(TASK INPUTS begins)

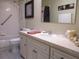Bright bathroom with tub and shower combination, white vanity and drawers for storage at 11792 Sw 137Th Loop, Dunnellon, FL 34432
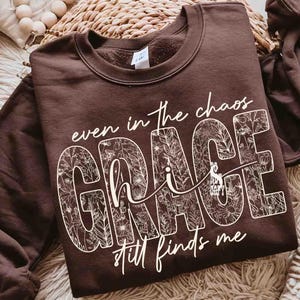 May include: A brown sweatshirt with the words "even in the chaos GRACE still finds me" in white script. The word "GRACE" is filled with a floral pattern. The sweatshirt is a crew neck style.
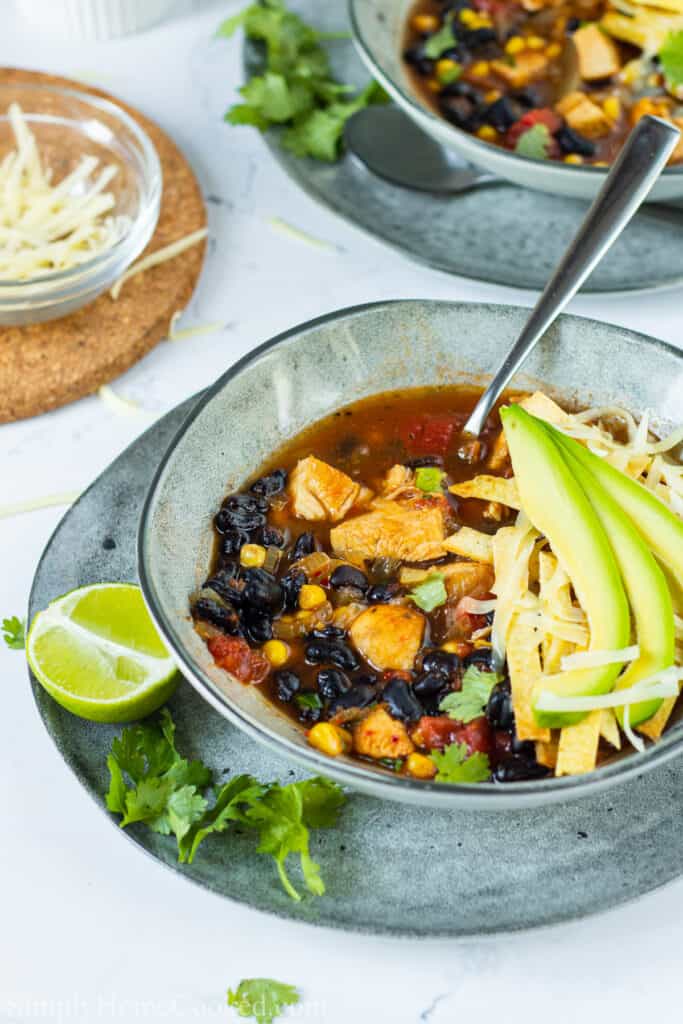Bowl of Chicken Tortilla Soup with a spoon in it, avocado, cheese, and tortilla strips on top, a lime on the side, and other ingredients in the background.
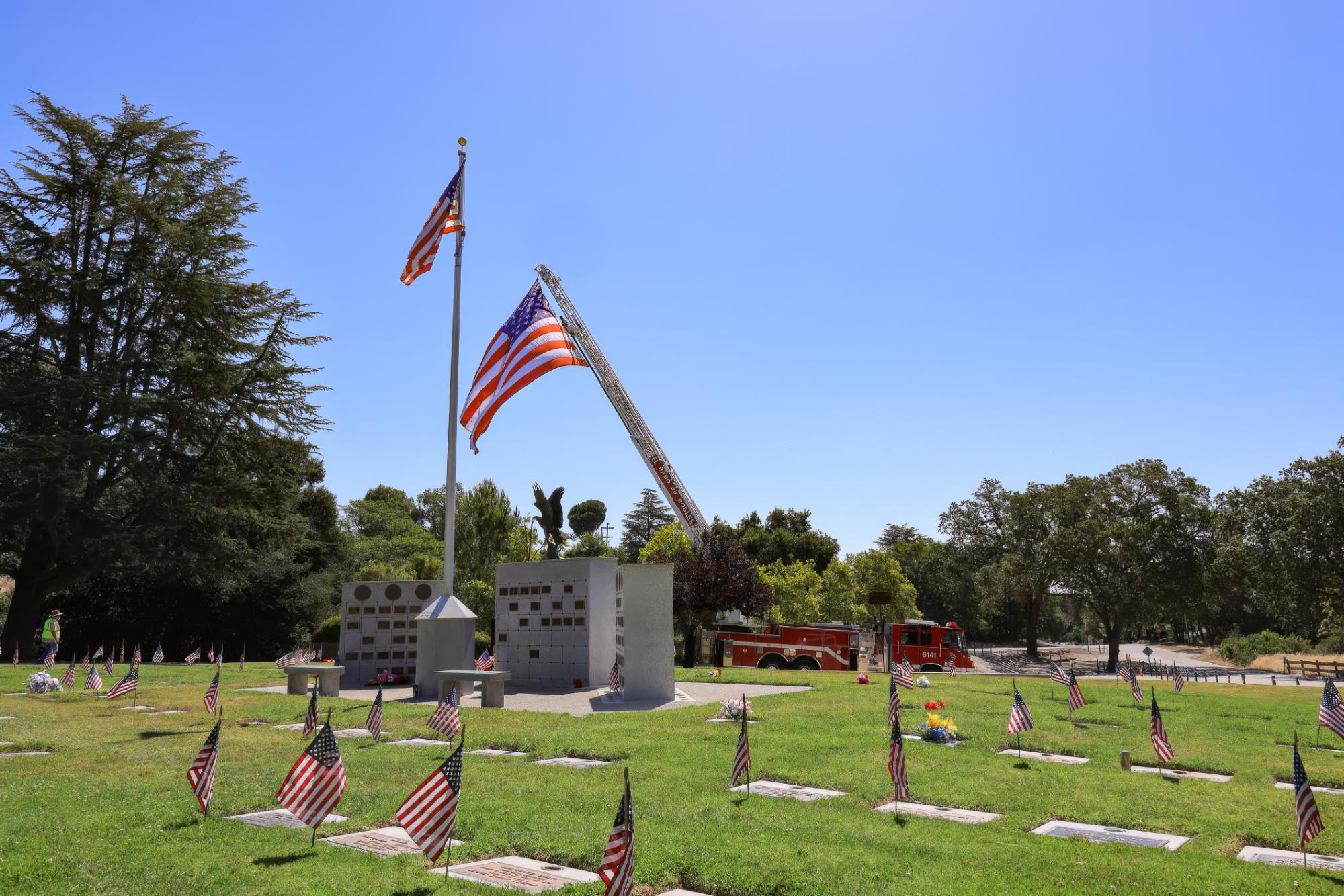 The Paso Robles Fire Department's ladder truck came to display a large American flag at Paso Robles District Cemetery for the May 25 Memorial Day ceremony. Photo by Derek Luff/PRP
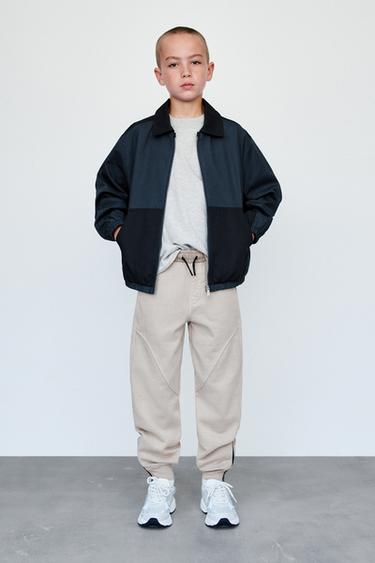 CELANA PANJANG JOGGER DENGAN RITSLETING - Putih pasir dari Zara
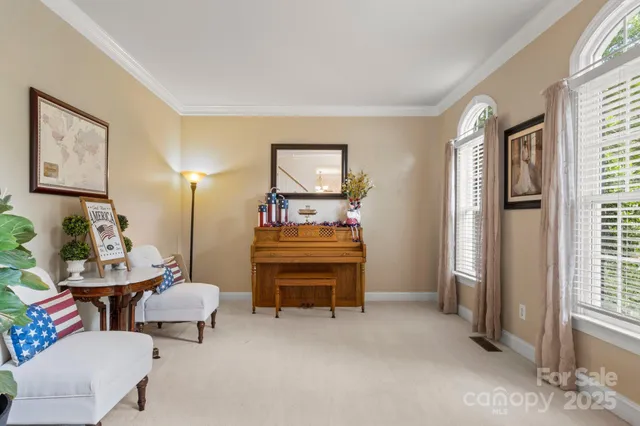 a room with furniture and a window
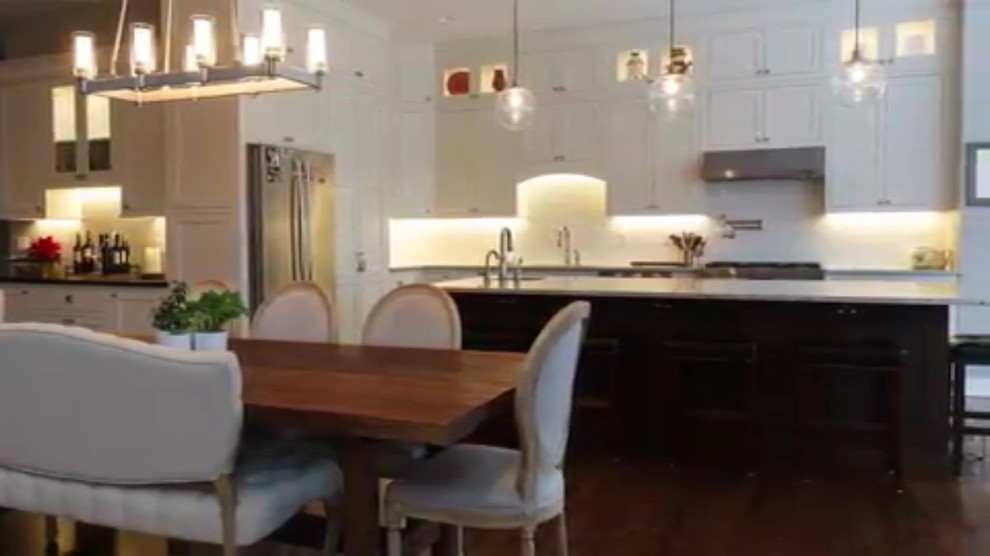 Inspiration for a mid-sized transitional l-shaped medium tone wood floor and brown floor eat-in kitchen remodel with a double-bowl sink, shaker cabinets, white cabinets, quartzite countertops, white backsplash, subway tile backsplash, stainless steel appliances and an island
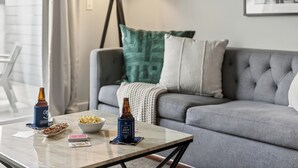 A living room with a sofa, a coffee table, a lamp, and a framed picture on the wall. - ADA Unit | Rooftop Lounge | Walk to Vanderbilt + Music Row | Hillsboro Village (Nashville)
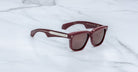 A pair of stylish Jacques Marie Mage Hyannis limited-edition maroon sunglasses with thick frames and dark lenses, displayed on white marble. The temples have metallic accents near the hinges.
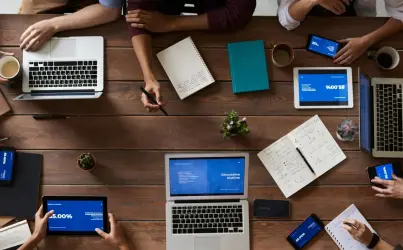 top view photo of people near wooden table 3183150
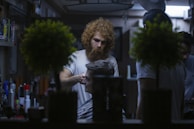 A barber with curly hair and a beard is giving a haircut to a seated customer in a dimly lit barbershop. The shop has various hair products on shelves and two potted plants in the foreground, which slightly obscure the view. Another person is partially visible in the background, possibly another customer or assistant.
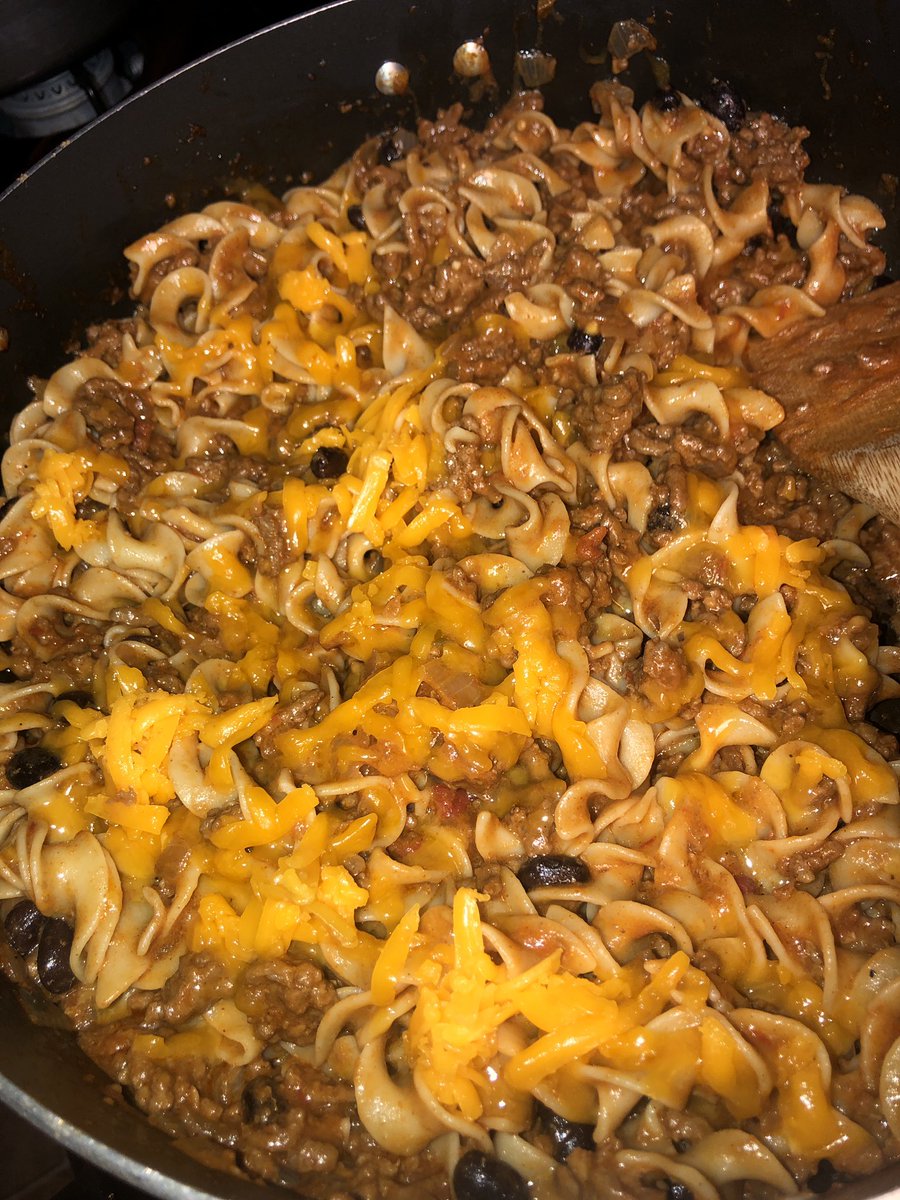 Quick & easy- use what we have in the pantry- type of dinner tonight ground beef, onion, garlic, tomato sauce, salsa, black beans & cheddar cheese for this mexican style stroganoff 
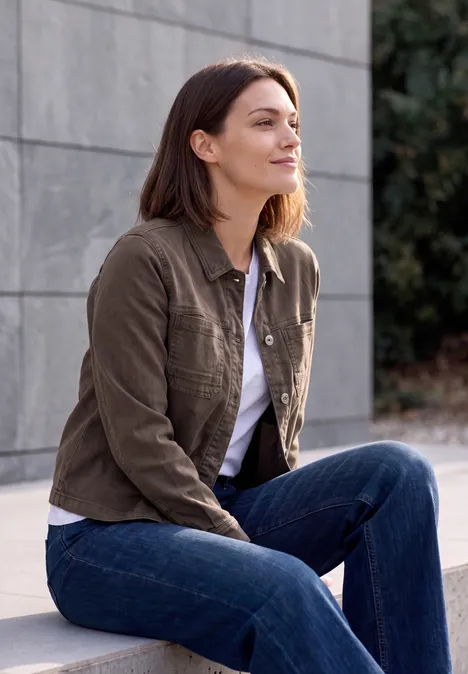 Denim Overshirt mit Brusttaschen truffle brown Eine junge Frau in Jeans und Jacke sitzt draußen und schaut nach oben.
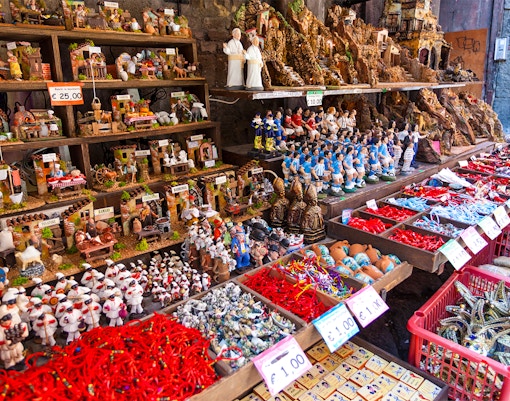 Nativity figurines and souvenirs displayed on San Gregorio Armeno street in Naples.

(TASK INPUTS ends)

- REQUIRED ACTION
Print the stretch of the data from the line with "Quick & easy- use" through its last line, exactly and with both ends kept. Omit pictures.

- OUTPUT FOR THIS TASK
 Quick & easy- use what we have in the pantry- type of dinner tonight ground beef, onion, garlic, tomato sauce, salsa, black beans & cheddar cheese for this mexican style stroganoff 
 Denim Overshirt mit Brusttaschen truffle brown Eine junge Frau in Jeans und Jacke sitzt draußen und schaut nach oben.
 Nativity figurines and souvenirs displayed on San Gregorio Armeno street in Naples.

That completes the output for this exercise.